S-Corporations are corporations that choose an “S-Corporation” status for tax purposes. Under certain circumstances, shareholders of a corporation may make an election under Subchapter S of Chapter 1 of the Internal Revenue Code (Election by a Small Business Corporation, Form 2553) opting for pass through taxation. With pass through taxation, shareholders are taxed once on the income they earn the same way partners in a partnership or members of limited liability companies are taxed. Forming a business entity with S-Corporation status allows a business owner to take advantage of the limited liability that corporate shareholders have in a C-Corporation, while avoiding double taxation. So long as the corporation qualifies for Subchapter S treatment, taxation will be passed on directly to the owners as individuals. The corporation itself is not subject to the corporate tax rate on its profits. S-Corporation shareholders report income and losses on their personal income tax returns so that they are taxed based on their individual tax rates.

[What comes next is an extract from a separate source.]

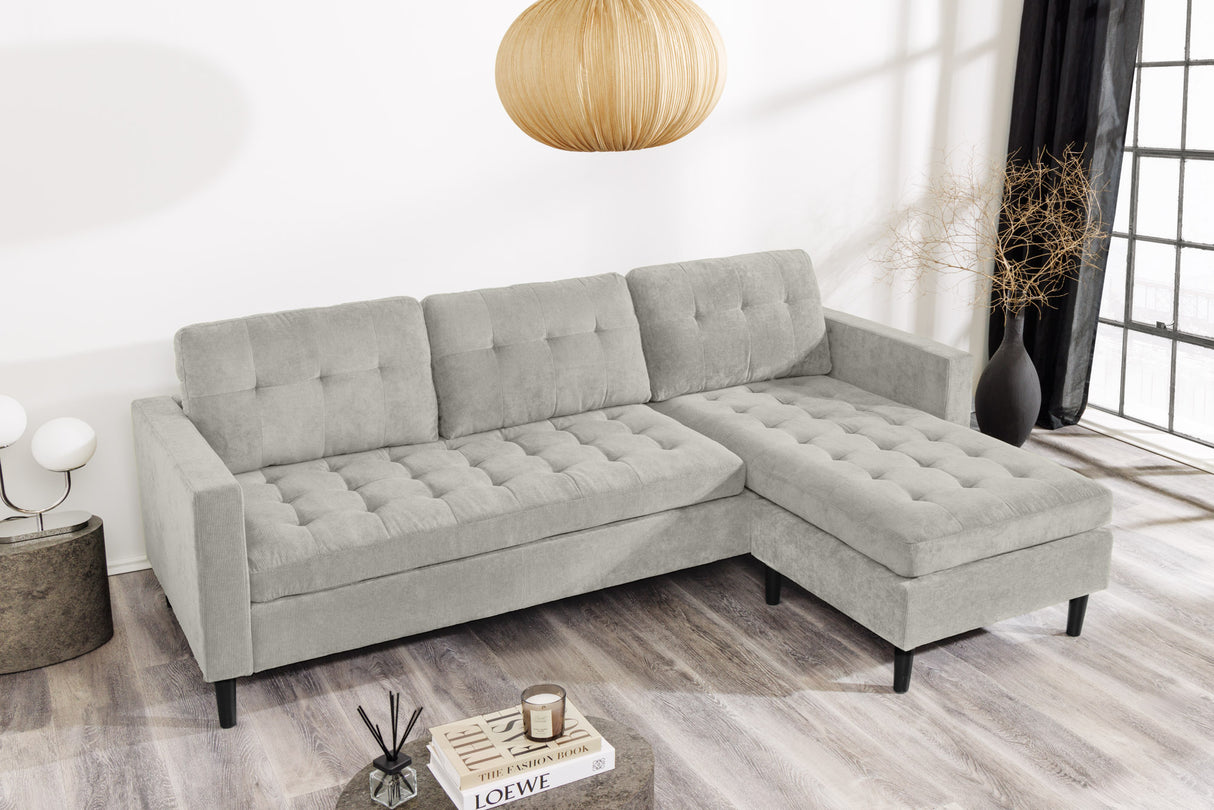 Corner sofa STOCKHOLM 220cm 3-seater spring core cord greige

Qualifying for S-Corporation Status
To qualify for a Subchapter S treatment, the corporation must: be a domestic corporation; have only one class of stock; distribute profits and losses proportionate to each shareholder’s ownership interest; and be limited to no more than 100 shareholders who are natural persons and United States citizens. Spouses are automatically treated as a single shareholder and certain lineal family members may elect to be treated as a single shareholder. 501(c)(3) non-profit corporations and certain other tax-exempt corporations, trusts and estates may also be shareholders in an S-Corporation. In addition to these qualifications, there are limitations on tax deductible fringe benefits an S-Corporation can offer.
Forming an S-Corporation
As with the formation of a C-Corporation, organizers of an S-Corporation must file articles of incorporation with the California Secretary of State. In addition, the organizers should prepare By-Laws, enter into a Shareholders' Agreement (unless there is only one shareholder) and conduct an organizational meeting of both the shareholders and the board of directors followed by the preparation of Minutes for both meetings. In most cases, it is best to incorporate in the state where the bulk of a company's business will be conducted. Prior to forming an S-Corporation, its organizers should first verify that the corporation meets all of the eligibility requirements for forming an S-Corporation. To receive S-Corporation status, all shareholders must sign and file IRS form 2553, Election by a Small Business Corporation in a timely manner.
For many companies, any disadvantages of electing S-Corporation status, such as restrictions on stock ownership and stricter IRS scrutiny, are far outweighed by the pass through taxation available to S-Corporations. S-Corporations also protect shareholders’ personal assets so that they will not be liable for the debts and liabilities of the business. In addition, it is always a good idea for those considering an S-Corporation to compare the advantages and disadvantages with those of a Limited Liability Company (LLC) before the formation of the entity.